Reproduce exactly the span of lines beginning at the one with "1-3 months Female Purebred German Shepherd" and ending at the last line of the data below, omitting pictures.

Segment Start: Supplied data

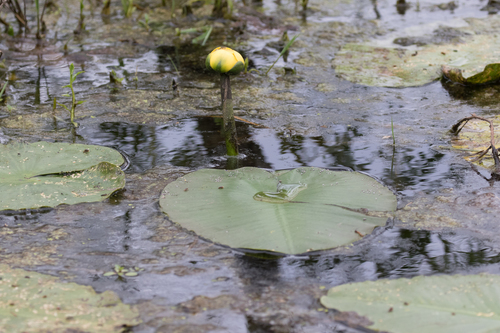spatterdock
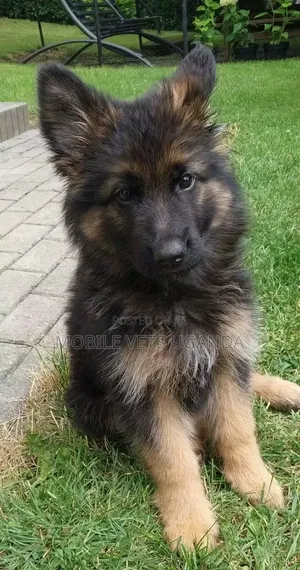 1-3 months Female Purebred German Shepherd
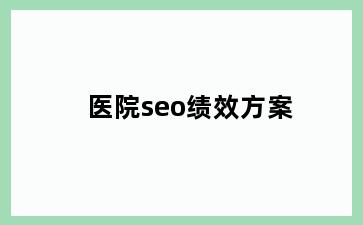 医院seo绩效方案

Segment End: Supplied data

■ Output of the task ■
 1-3 months Female Purebred German Shepherd
 医院seo绩效方案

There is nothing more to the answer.